ACTIVITY: Reproduce the records below in full and exactly, without their images.

[[ DATA, beginning ]]

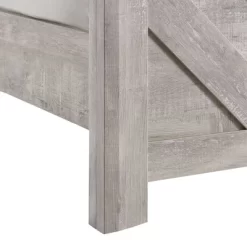 3pc Keely Panel Bedroom Set White - Picket House Furnishings -Baxton Studio Store GUEST ae941686 f0d0 428f b09e caba18efb681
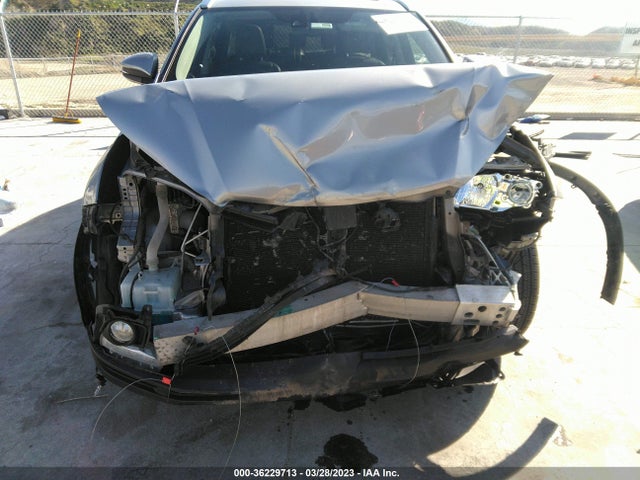 Toyota Highlander Limited 2014 5TDDKRFH0ES010447 Image 8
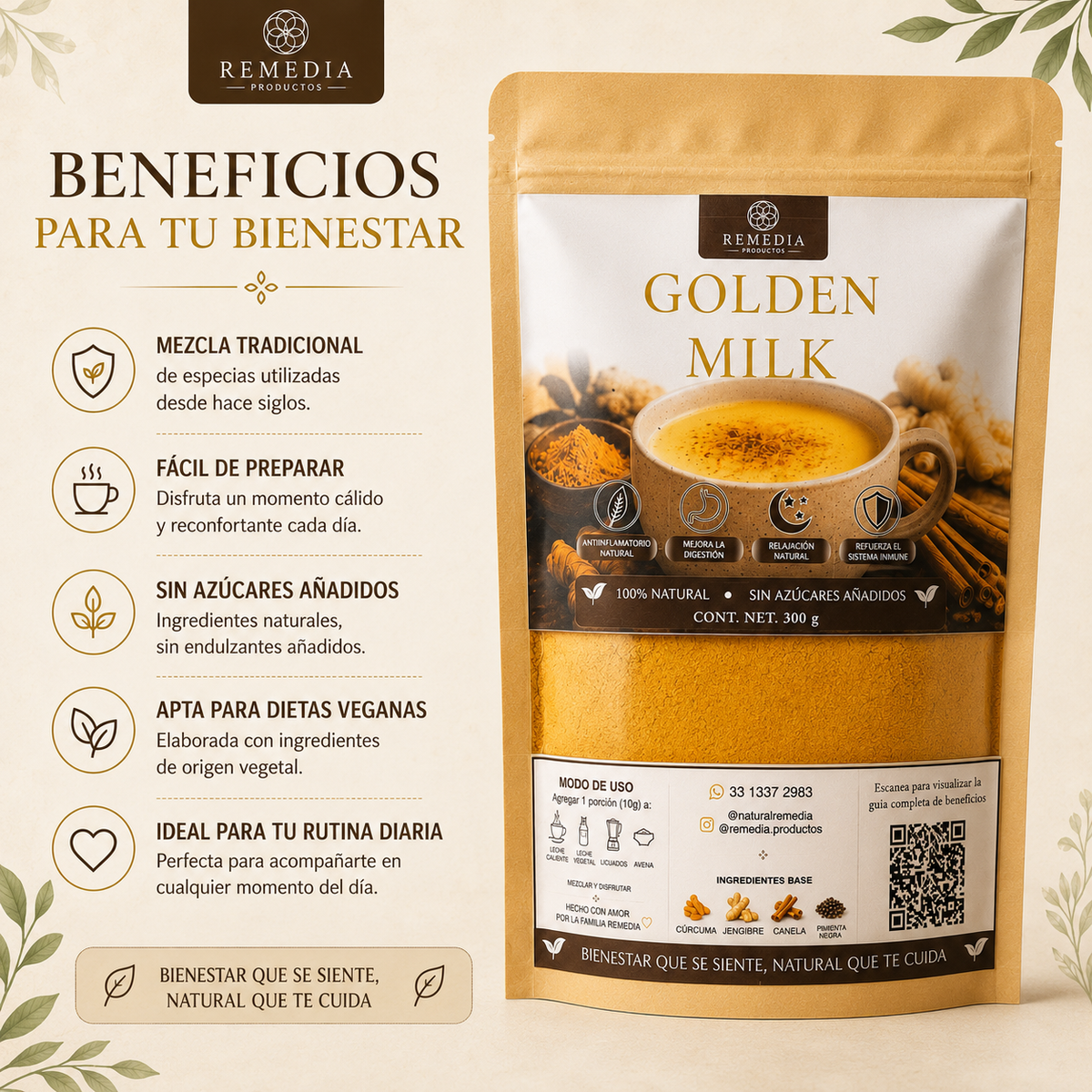 Golden Milk
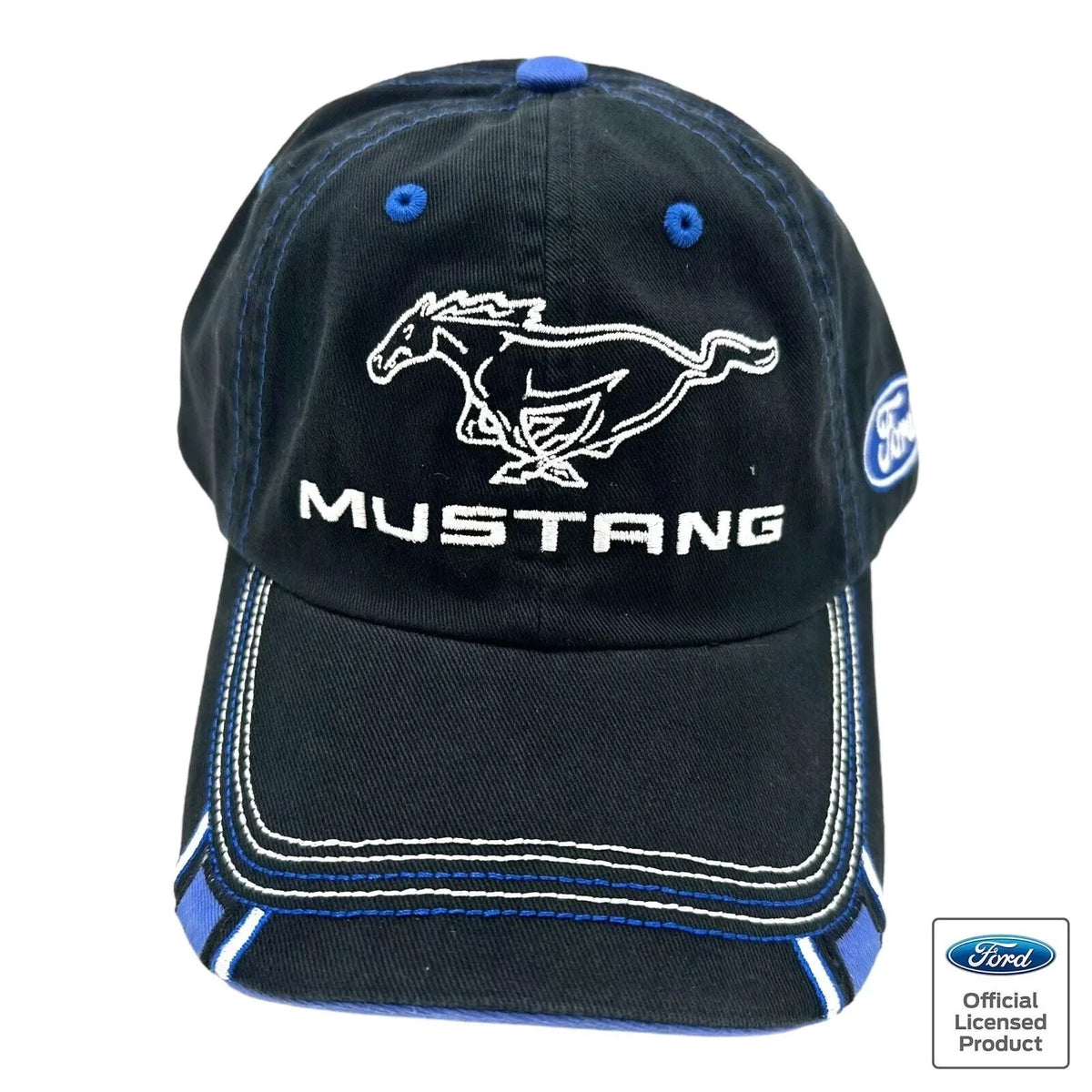 Replacement Mustang Hat Cap for Ford Mustang GT (2005–2010)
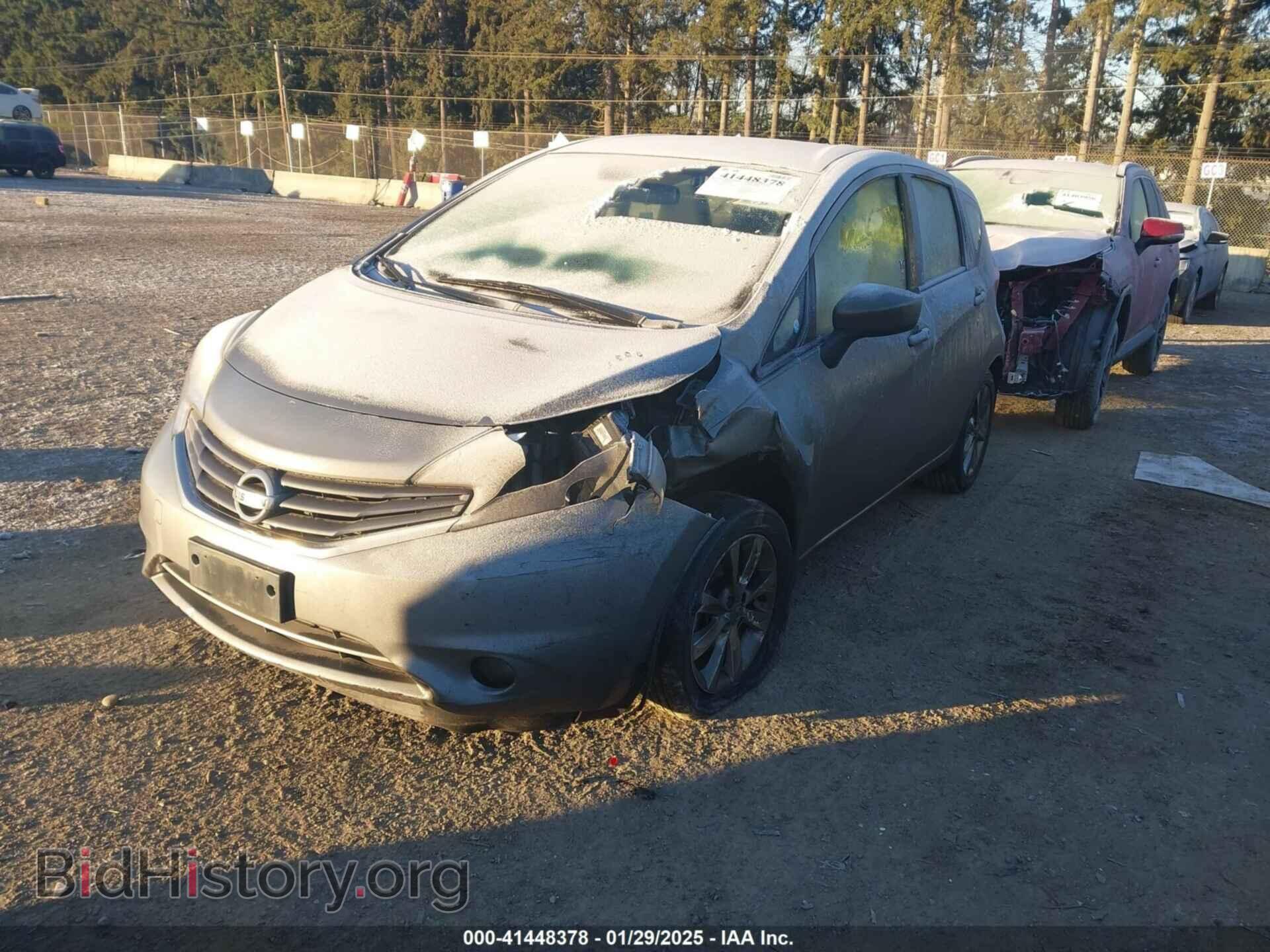 2015 NISSAN VERSA NOTE - VIN: 3N1CE2CP3FL363507 - Фото 2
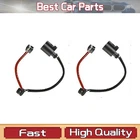 For 2003-2018 Cayenne Rear Disc Brake Pad Wear Sensor Centric Parts 2X New. Price: $53.34.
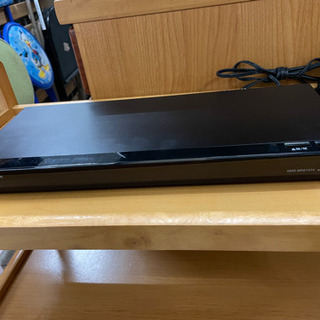 Panasonic DMR-BRW1010 ブルーレイレコーダー HDD1TB ダブル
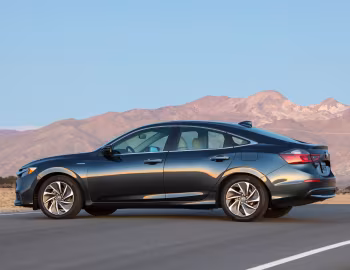 2019–22 Honda Insight [North America] '2018–22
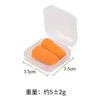 Almohada en Forma de U Espuma Viscoelástica Almohada para el Cuello Venta al por Mayor Portátil Hogar Viaje Almohada Cervical Almohada para Siesta en la Oficina Protección del Cuello Almohada en Forma de U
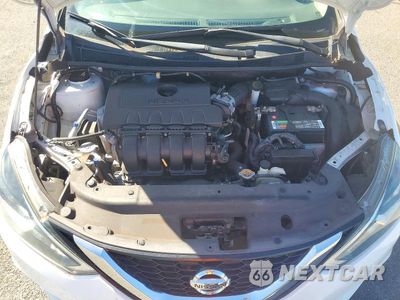 Zdjęcie 11 z 12 samochodu: 2016 NISSAN SENTRA SV VIN:3N1AB7AP2GL659443 - miniatura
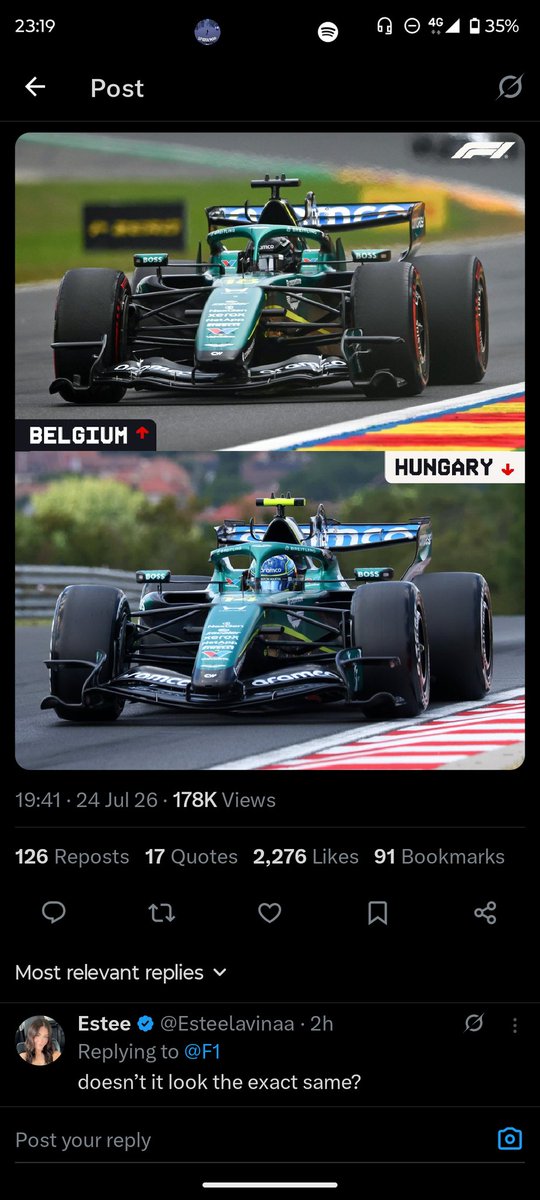 Bardack9062's tweet photo. Nah cuz why the hell r we larping F1 mate https://t.co/smHREbeU17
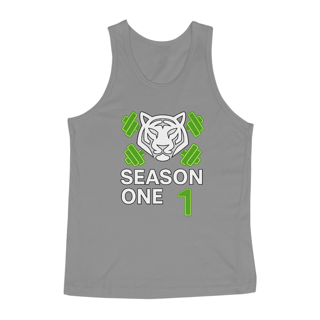 Nome do produto Regata Masculina - Season one Limited Quality (Tiger Edition)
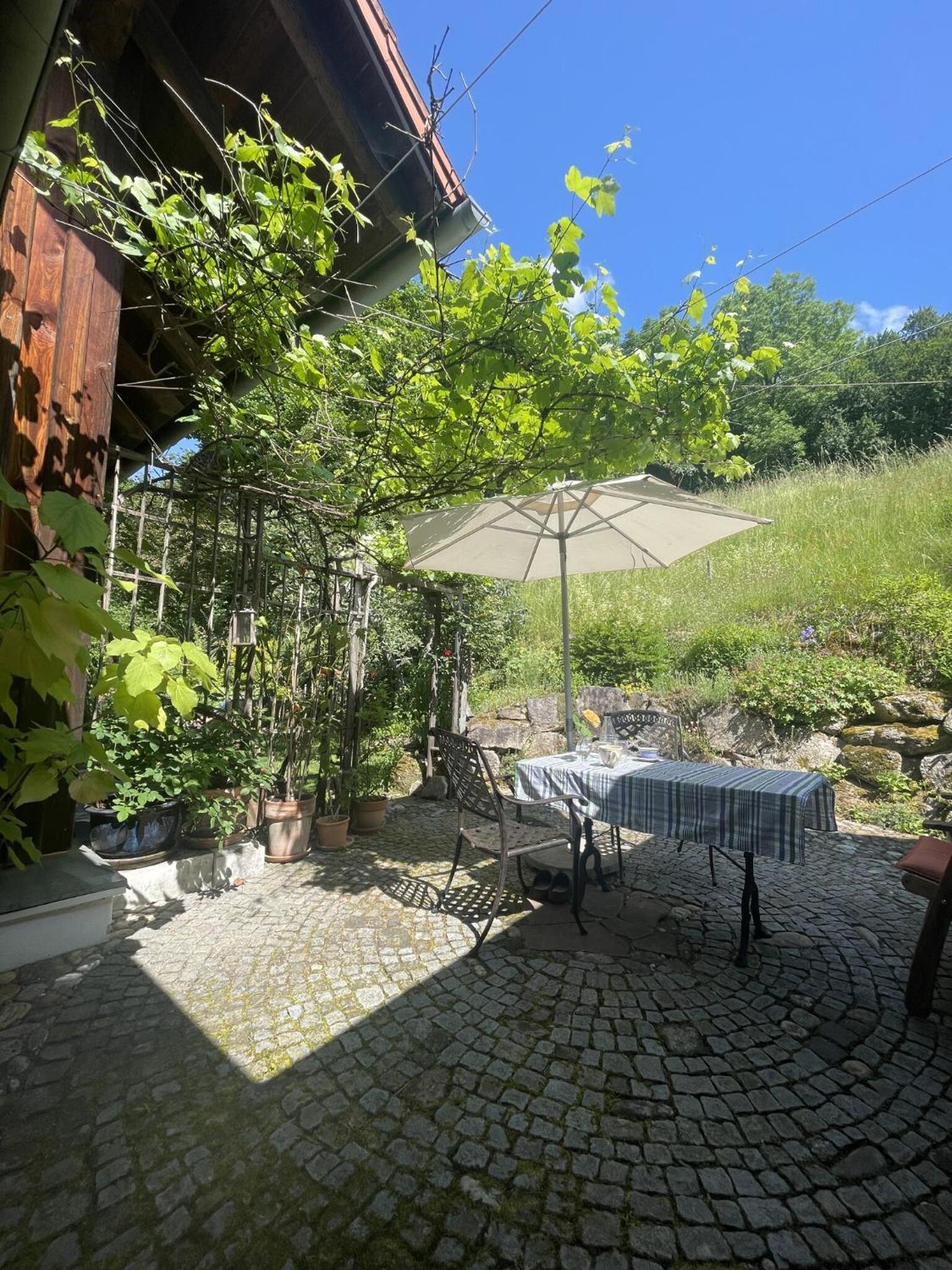 Neues Forsthaus Saldenburg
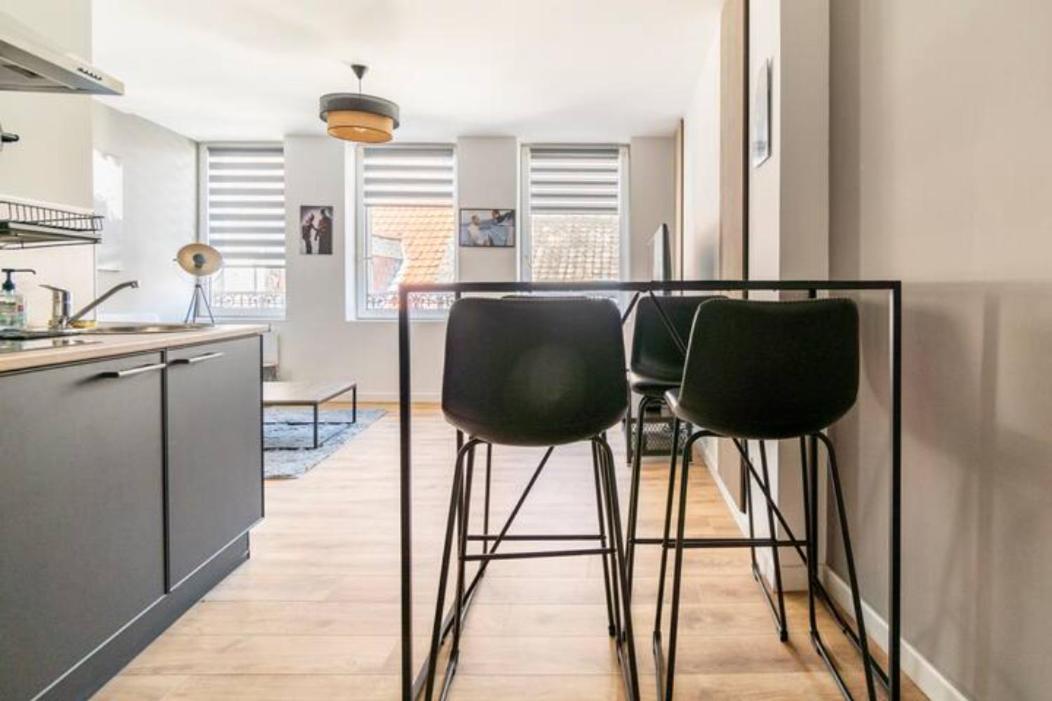 Voyage En Duplex En Hyper Centre Διαμέρισμα Βαλενσιέν Εξωτερικό φωτογραφία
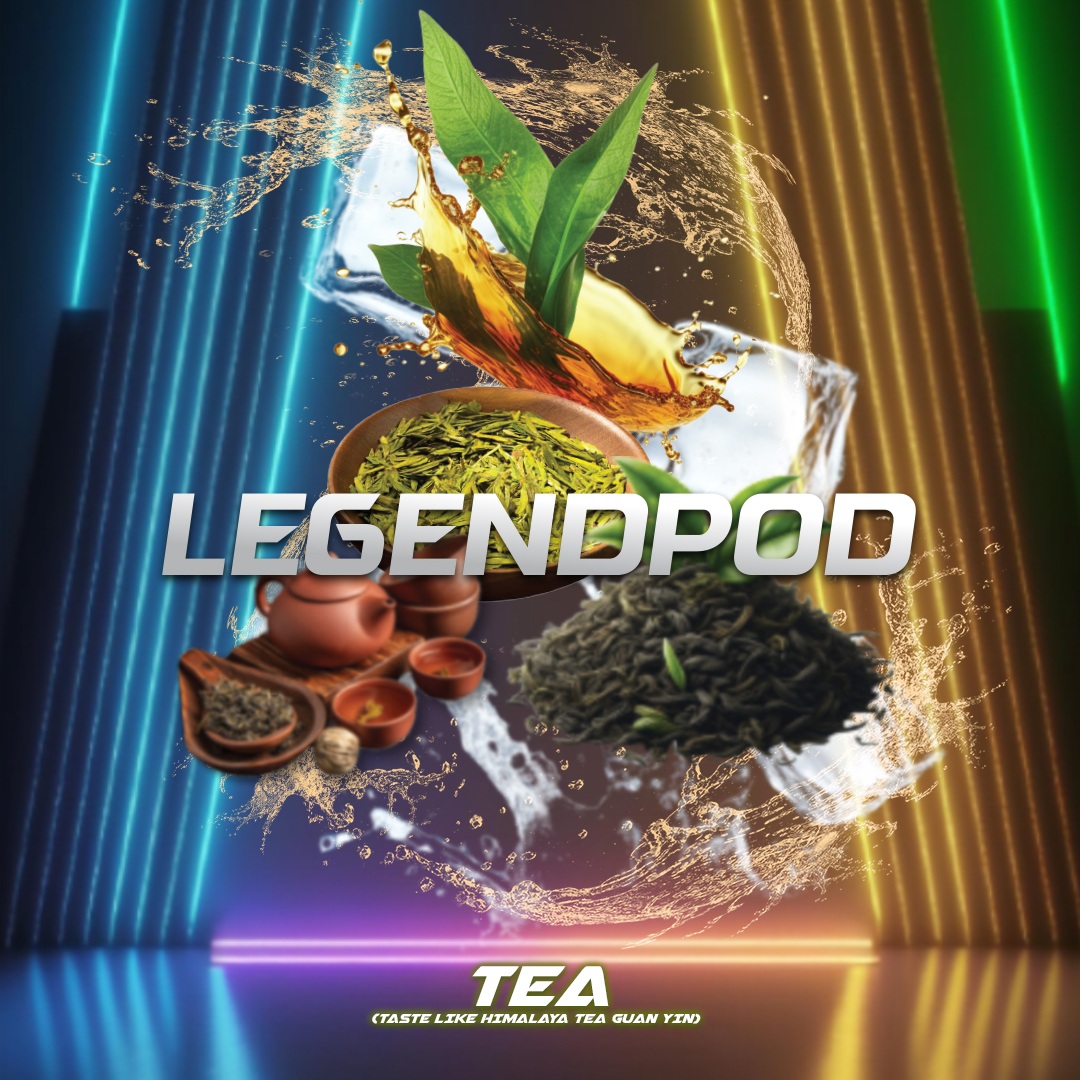 LEGENDPOD - Himalaya Tea Guan Yin-image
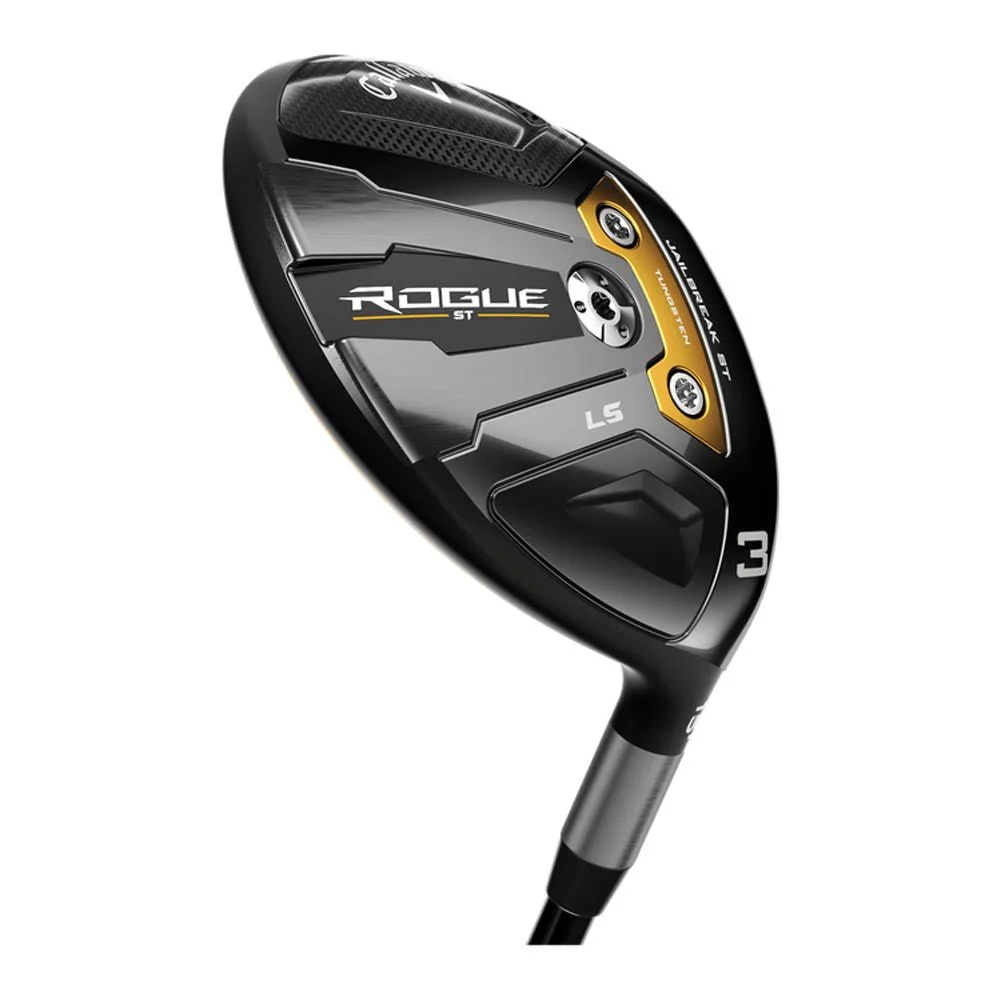Callaway Rogue ST LS Fairway Wood (Right-Handed) - Image 5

[[ DATA, end ]]

OUTPUT:
 3pc Keely Panel Bedroom Set White - Picket House Furnishings -Baxton Studio Store GUEST ae941686 f0d0 428f b09e caba18efb681
 Toyota Highlander Limited 2014 5TDDKRFH0ES010447 Image 8
 Golden Milk
 Replacement Mustang Hat Cap for Ford Mustang GT (2005–2010)
 2015 NISSAN VERSA NOTE - VIN: 3N1CE2CP3FL363507 - Фото 2
 For 2003-2018 Cayenne Rear Disc Brake Pad Wear Sensor Centric Parts 2X New. Price: $53.34.
 Panasonic DMR-BRW1010 ブルーレイレコーダー HDD1TB ダブル
 2019–22 Honda Insight [North America] '2018–22
 Almohada en Forma de U Espuma Viscoelástica Almohada para el Cuello Venta al por Mayor Portátil Hogar Viaje Almohada Cervical Almohada para Siesta en la Oficina Protección del Cuello Almohada en Forma de U
 Zdjęcie 11 z 12 samochodu: 2016 NISSAN SENTRA SV VIN:3N1AB7AP2GL659443 - miniatura
 Bardack9062's tweet photo. Nah cuz why the hell r we larping F1 mate https://t.co/smHREbeU17
 Nome do produto Regata Masculina - Season one Limited Quality (Tiger Edition)
 Neues Forsthaus Saldenburg
 Voyage En Duplex En Hyper Centre Διαμέρισμα Βαλενσιέν Εξωτερικό φωτογραφία
 LEGENDPOD - Himalaya Tea Guan Yin-image
Callaway Rogue ST LS Fairway Wood (Right-Handed) - Image 5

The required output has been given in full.